Apparently it is a rebadged Tvonics MDR-200.
Hope this info is helpful to others.


----------



## RichardJH (Oct 7, 2002)

Previously mentioned http://www.tivocommunity.com/tivo-vb/showthread.php?t=384668
post no 80

It was then £29.97 but is now £24.97 and I found that out yesterday when I had to take mine back because of a failed power supply. Got it exchanged for a new one complete with a new 1 year warranty and a £5 refund.

I agree a very good and small box. No idea why the power supply failed.

I don't think it is being made end of line as Sunbury Tescos have a shelf full of them and they are in the latest Tesco direct cataloque


----------



## IainJH (Mar 27, 2002)

Hi - a quick question, have you found a way to turn off the red button services (MHEG??) on this freeview box? I need another freeview box for the 2nd tivo... that would be perfect.

if not, anyone suggest an alternative where that red dot stuff can be switched off?

Cheers!


----------



## Automan (Oct 29, 2000)

Could IRBlast be used to send the green button IR to freeview boxes to remove the red dot?

Of course the IR code would be needed and does pressing green do anything at other times?

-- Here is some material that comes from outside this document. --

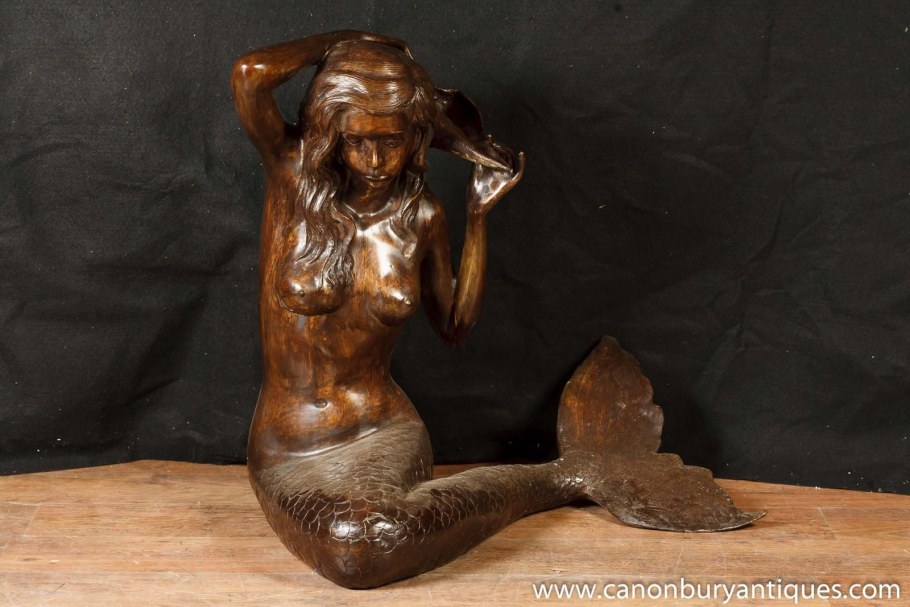 Брюсова Русалка статуэтка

Else a freeview box which permits all interactive services to be switched off.

Automan.


----------



## RichardJH (Oct 7, 2002)

> have you found a way to turn off the red button services (MHEG??) on this freeview box?


NO

Following Automans post I just checked with my box which is being used by my 2nd Tivo that pressing the Green Button on the STB remote does get rid of the red dot so I guess something similar to IRBlast could be adapted.

My personal experience is that the only programme that I see it stay on screen is BBC News24


----------



## nickf (Oct 12, 2001)

Sorry to resurrect an old thread - but I just wondered if anyone had successfully got IRBlast to send the green button and so get rid of the red dot?

I have a Sony VTX-D800U, but am interested if anyone's got this working at all? (I did search the forums for "freeview green" but this was the only relevant thread.)


----------